The literature still does not provide definitive evidence of the tolerable stress limits for each part of the bone-implant-prosthesis system without clinical harm. Accordingly, the
present study’s findings should be carefully evaluated as the degree of stress that may cause any mechanical failure (loosening or fracture of prosthetic components or implants) or biological failure (peri-implant bone resorption or osseointegration failure) is unknown. Recent systematic reviews reported no association between the number of implants used to support IFCDs and survival rates of implant and prosthesis, complications, or bone loss in studies with follow-ups ranging from 1 to 15 years.31-33 However, most of the clinical studies included were heterogeneous and did not address the primary question of the number of implants with standardized methods, and the biological conditions, such as occlusal force and quantity and quality of bone, were not controlled. For example, an FEA study on the influence of bone quality on stress distribution in IFCD showed that the less compact bones (poor bone quality) increased the stresses in implants and prosthetic superstructure and decreased the stresses in trabecular bone.19
Ferreira et al.34 aimed to validate a numerical model that could be used to study stresses and strains created in the different components involved in oral fixed rehabilitations through FEA and static compressive load test (SCLT). Analyzing the tendencies of both models, an absolute match of their biomechanical behaviors can be observed, validating the computational model. However, such findings are more easily transposed to mechanical failures since biological tissues, such as bone tissue, are reproduced in simulation studies that are quite controversial, requiring clinical studies.
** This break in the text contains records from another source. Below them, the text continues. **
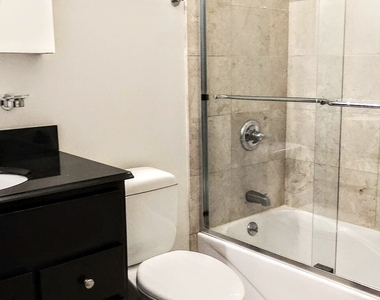 3337 N Halsted Street - Photo Thumbnail 9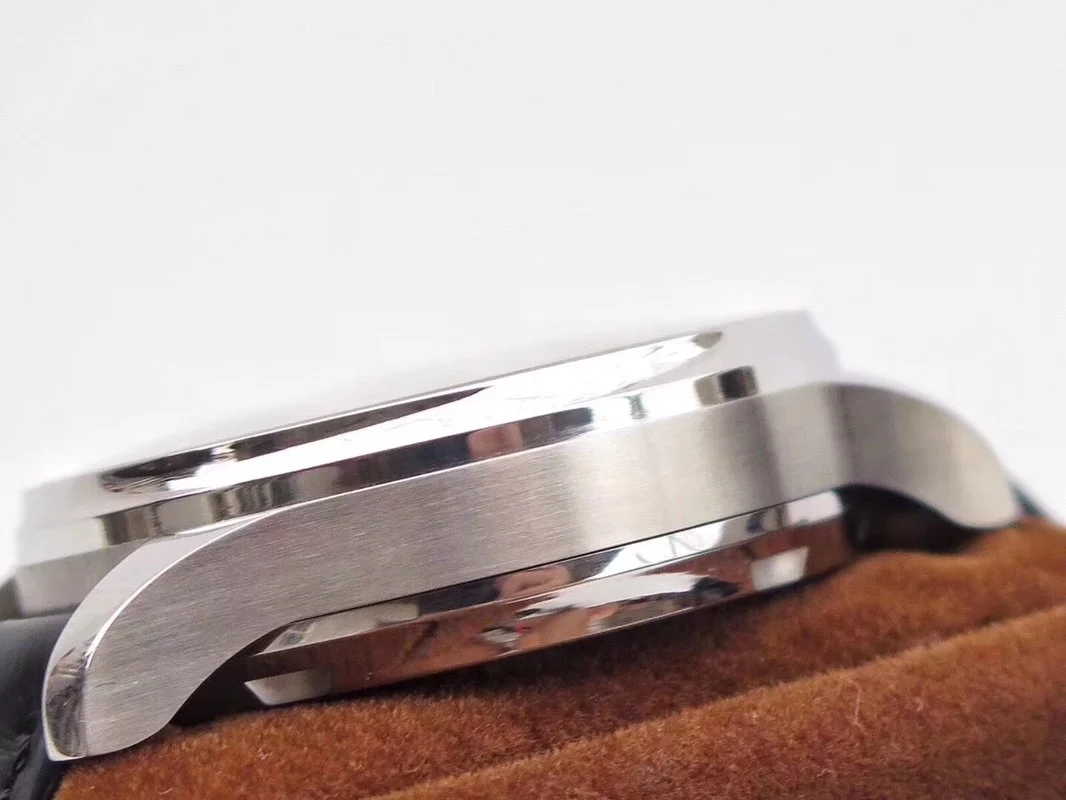 Watch gallery thumbnail 6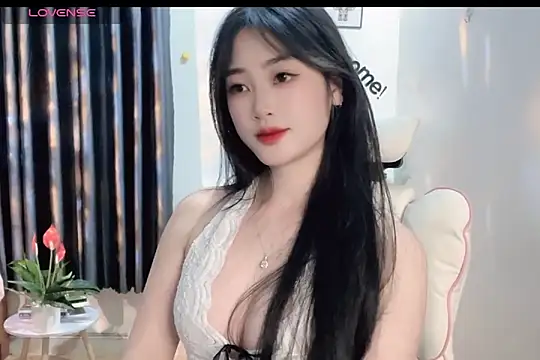 Snapshot of _Aimy_ chatting on 25, 2, 2025 Aimy online show from 25, 2, 2025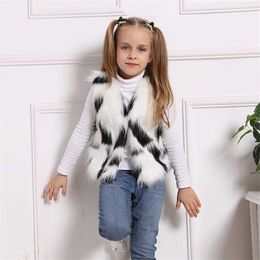 !! Kids faux fur vest / Winter waistcoat jacket Black and white colors mixed toddler 211203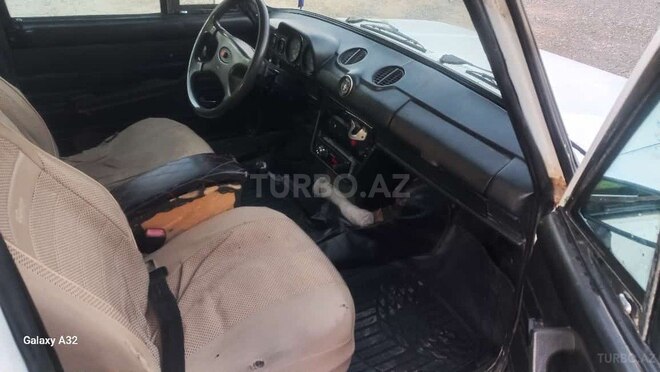 LADA (VAZ) 21011 1992, 98,000 km - 1.5 l - Sabirabad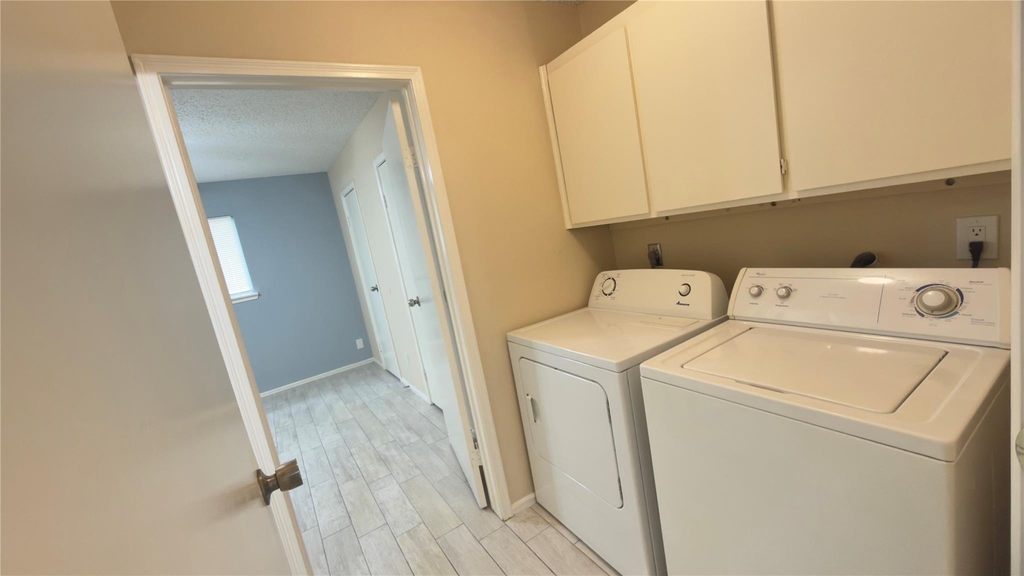 5034 Reno Drive - Photo 4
The distribution and magnitude of stresses result from a complex combination of mechanical and biological factors that interact simultaneously. The finite element method enables simulation of forces applied to selected structures, but some model simplifications are required. The present study used a nonlinear finite element method with a friction coefficient of 0.5 to improve the accuracy in simulating the relationship among implant and prosthetic components.20 In the bone/implant interface, a 100% osseointegration was adopted because the anterior mandible has high bone density,20,22,30
despite uneven contact between bone and implant.18 Therefore, the results of FEA studies should be interpreted with caution and cannot be directly extrapolated to the clinical practice.
Although it is impossible to completely reproduce the clinical situation, the FEA method is useful to understand the effect of isolated factors in prosthesis design. Thus, the present findings may help clinicians carefully evaluate the patient’s conditions to plan the treatment with IFCD, lowering biomechanical risks accordingly. Furthermore, it can provide subsidies for the control of variables in future clinical studies.
Conclusions
Within the limitations of this study, the findings suggest that:
• Von Mises strains/stresses in the CB, ASs, and PSs increase when tilting the posterior implants and reducing the number of implants;
• The use of angled abutments over tilted implants can reduce the stresses in CB and abutment screws, but its prosthetic screws are more stressed than in straight abutments.